Here, it really depends on the nature of the content and the end user. For many clients, brand management is an important concern, and in such cases a constrained interface usually makes more sense. A Real Estate agent making a brochure will want to go quickly and will want to stay within the constraints of a template, getting the job done as quickly as possible.

It is a more difficult choice when, for example, you are letting users design a greeting card, a personal magazine, or a photobook. Here is where we see strong opinions one way or the other on exactly the same document type/user type. There are tradeoffs:

  • Shouldn’t users have the ability to quickly get in, make a document, and have it come out right with minimal risk?
  • Shouldn’t users be able to make their own unique document their own way, with features one would expect from a desktop layout program?

We have witnessed passionate arguments within organizations on this subject, and worked on applications in the extremes. Hallmark.com is an example of a fairly constrained experience: iprint.com is very free-form. One consideration is that a constrained UI is usually easier to implement, while with a free-form editing experience, one thing leads to another.
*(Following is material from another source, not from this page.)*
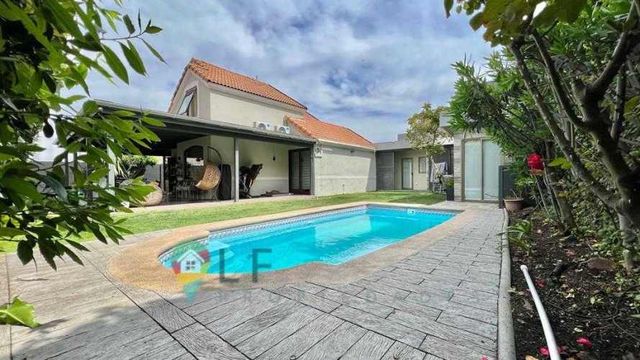 moderna, impecable, full equipada (122932)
So a user can add objects to a page…  next you will probably want to align these objects, somehow. Alignment tools, snap-to-grid, and other features follow such an initial opening up of free-form editing.

Hallmark - Constrained Editing

iPrint.com - Unconstrained, "start from scratch" online editing

We have seen organizations bring data to justify one position or another. One chart, for example, plotted Complexity on the horizontal axis, with a triangle indicating the Market Size for the spectrum of applications, and it came out something like this:

Fixed, Guided, and Free-form Editor Market Size

I saw this chart and had a revelation – no wonder we are so poor! We toil and toil to make “InDesign on the Web” sorts of application, but these are so complex and esoteric, they make users abandon sessions from confusion/exhaustion, or render documents unprintable with terrible design choices; all our work to let them add and contort images to their hearts’ contents is entirely wasted! All the money seems to come from the old school, form-based “enter book title and you’re done” sorts of application, built by old-school programmers who don’t know what kerning is, who have never studied the mathematics of zoom and rotation. So that’s what is meant by “less is more.” Sorry Ole, you are too smart to work here. 🙂

Fortunately for us, the larger players in online editing do actually appreciate the value of free-form editing, as something to shoot for after there is an established “easy way” to create documents. The art is in balancing constraint and freedom in such a way that users can work quickly and are guided towards a successful design, yet can still work in a free-form way when it is really needed. Often this means some form of “advanced” editing mode. The good news for those that don’t have a gazillion dollars for a pen tool that does perfect gradient mesh touchup is that only 1 in a billion users will ever use such a thing, and the one that will probably won’t buy anything.

2. Direct On-canvas vs. Form-based Editing

One paradigm users are familiar with from word processing software and desktop design tools is the ability to edit text or manipulate images directly on the canvas. It is probably most intuitive, if you see an image of a greeting card (as at Hallmark.com) or a business card (as at iPrint.com) to type right on the document, as is in fact the case with Hallmark, iPrint, and Flyerzone.co.uk (below).

Flyerzone User Interface

This is somewhat challenging to implement, yet it has become extremely commonplace and almost expected with online editing. Still, even if you have the ability to do something on the canvas, is that always the best way to do it?

Again, there are different use cases, and strong opinions either way even in similar situations. The chart above would tend to speak to the value of form-based editing, while the most common argument for direct, on-canvas editing is “that is what users expect.” One of the most simple form-based interfaces we have created is the wine label maker at WindsorVineyards.com – it is extremely quick and straightforward to make a label.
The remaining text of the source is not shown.